**Record excerpts:**
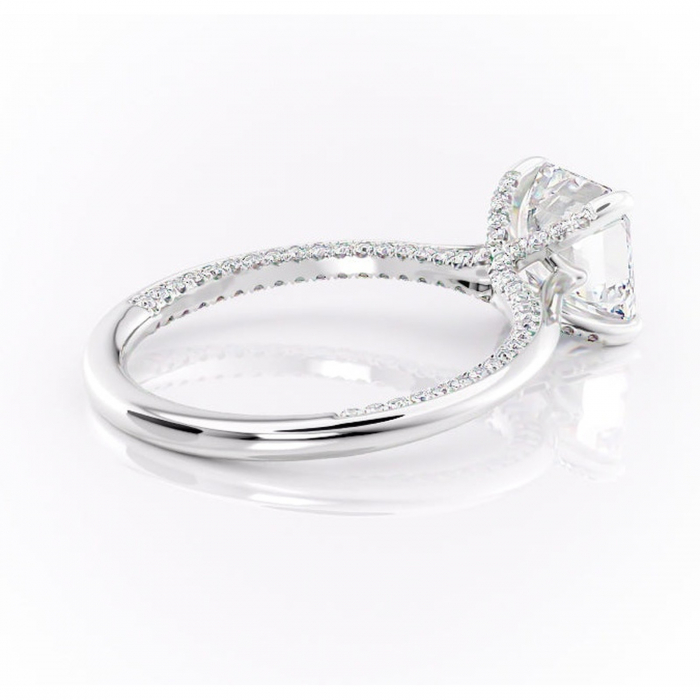 Inel de logodnă Mila din aur Alb 18kt cu moissanite tăietură asscher – Solitar rafinată pentru profil înalt | Personalizează și configurează gratuit online [3]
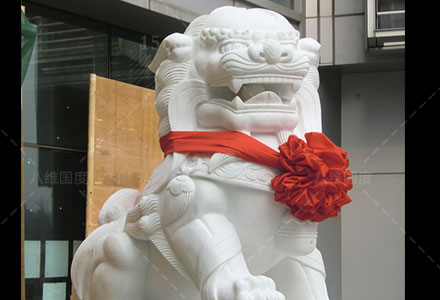 北京广大银行汉白玉石狮子案例（南狮子）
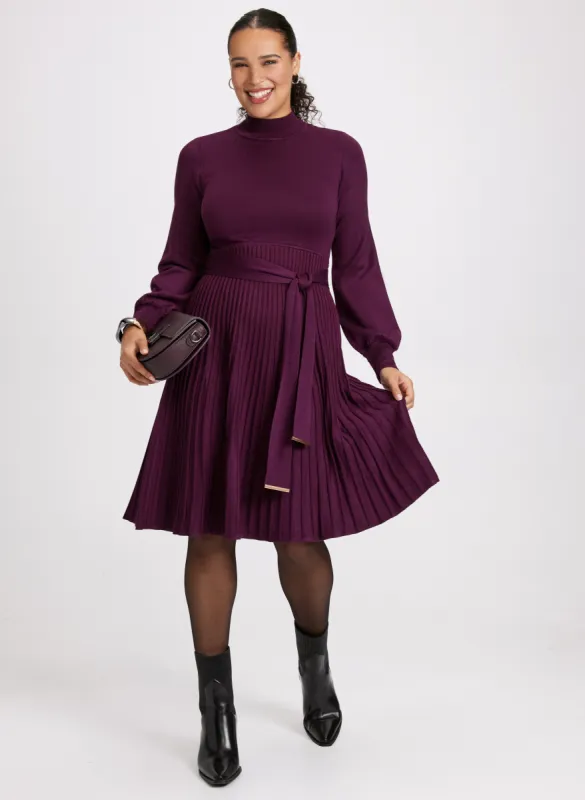 Pleated Skirt Sweater Dress sold by Laura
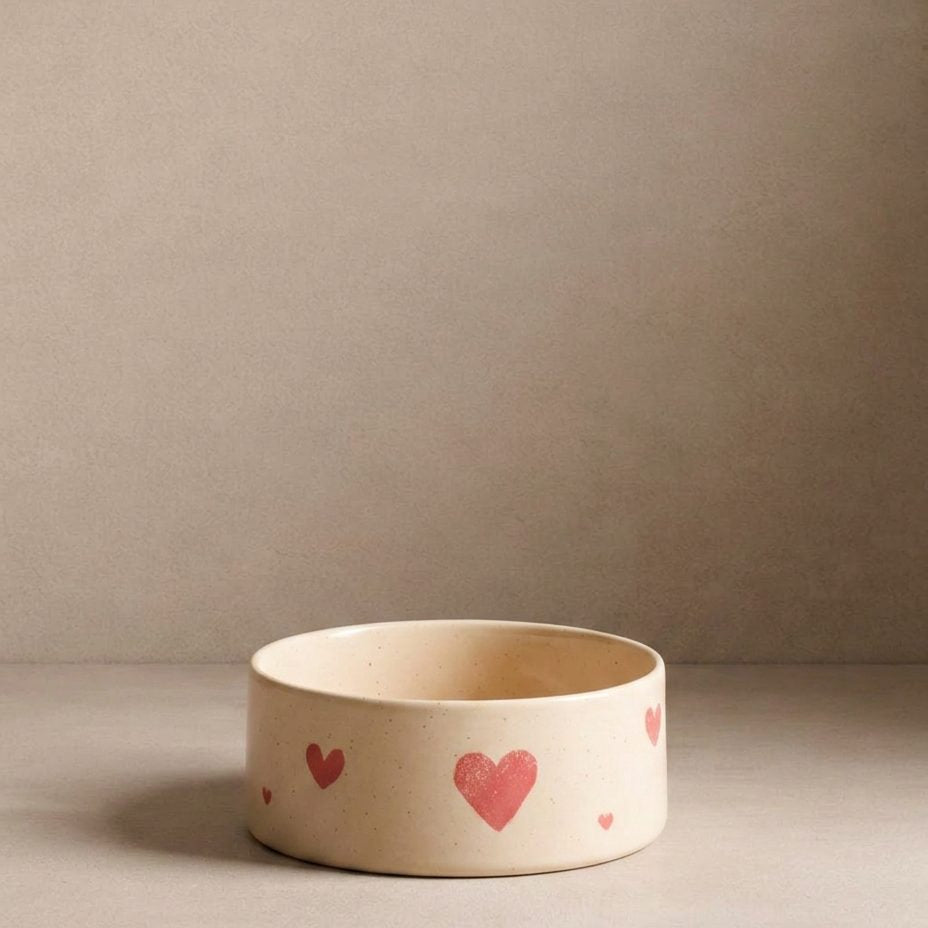 EGG BACK HOME Hundenapf Cozy Hearts 2er-Set – Frontansicht 16,5 cm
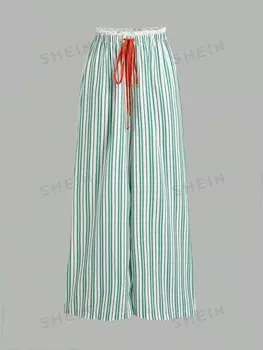 EZwear: Женские повседневные широкие брюки из тканого материала с высокой талией Shein, зеленый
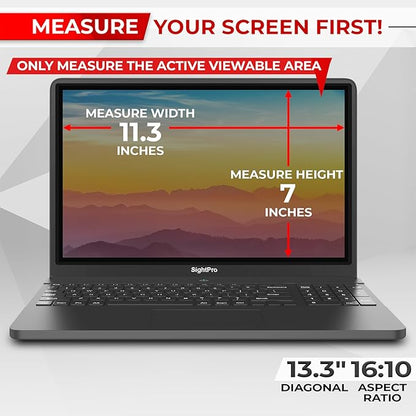 SightPro Magnetic Laptop Privacy Screen 13.3 Inch 16:10 - Patented Removable Laptop Privacy Filter Shield and Protector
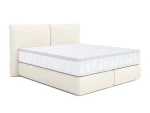 Boxspring-Doppelbett LOU – Schrägansicht, auf weißem Hintergrund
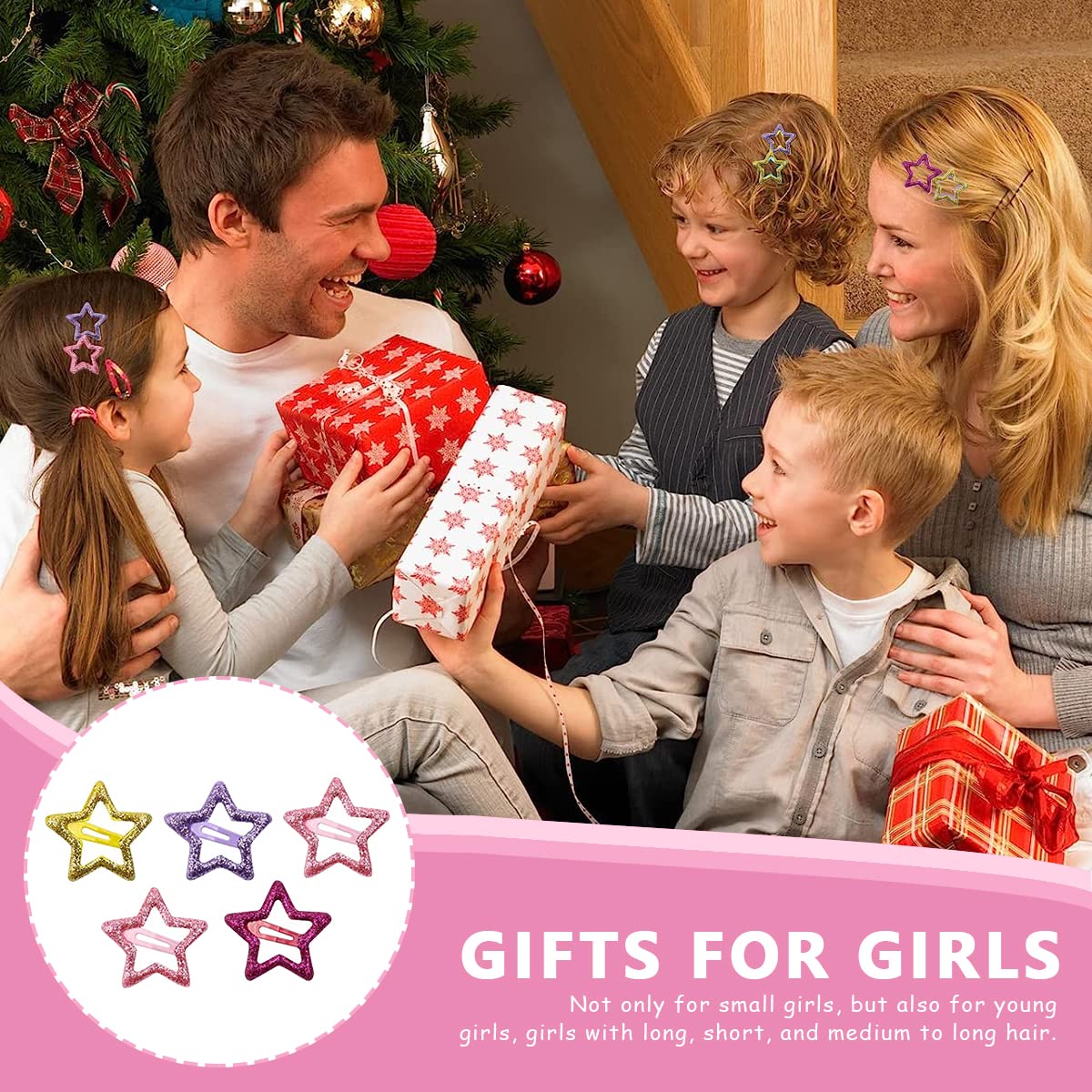 PALAY Hair Clips for Girls with Non Slip Metal Design and Glitter Star Shape | 20 Pcs 3.2 cm Set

**Brief:** Leave the pictures out, and please copy only the lines from the one with "EGG BACK HOME" through the end of the listing.

**Response area:**
 EGG BACK HOME Hundenapf Cozy Hearts 2er-Set – Frontansicht 16,5 cm
 EZwear: Женские повседневные широкие брюки из тканого материала с высокой талией Shein, зеленый
 SightPro Magnetic Laptop Privacy Screen 13.3 Inch 16:10 - Patented Removable Laptop Privacy Filter Shield and Protector
 Boxspring-Doppelbett LOU – Schrägansicht, auf weißem Hintergrund
 PALAY Hair Clips for Girls with Non Slip Metal Design and Glitter Star Shape | 20 Pcs 3.2 cm Set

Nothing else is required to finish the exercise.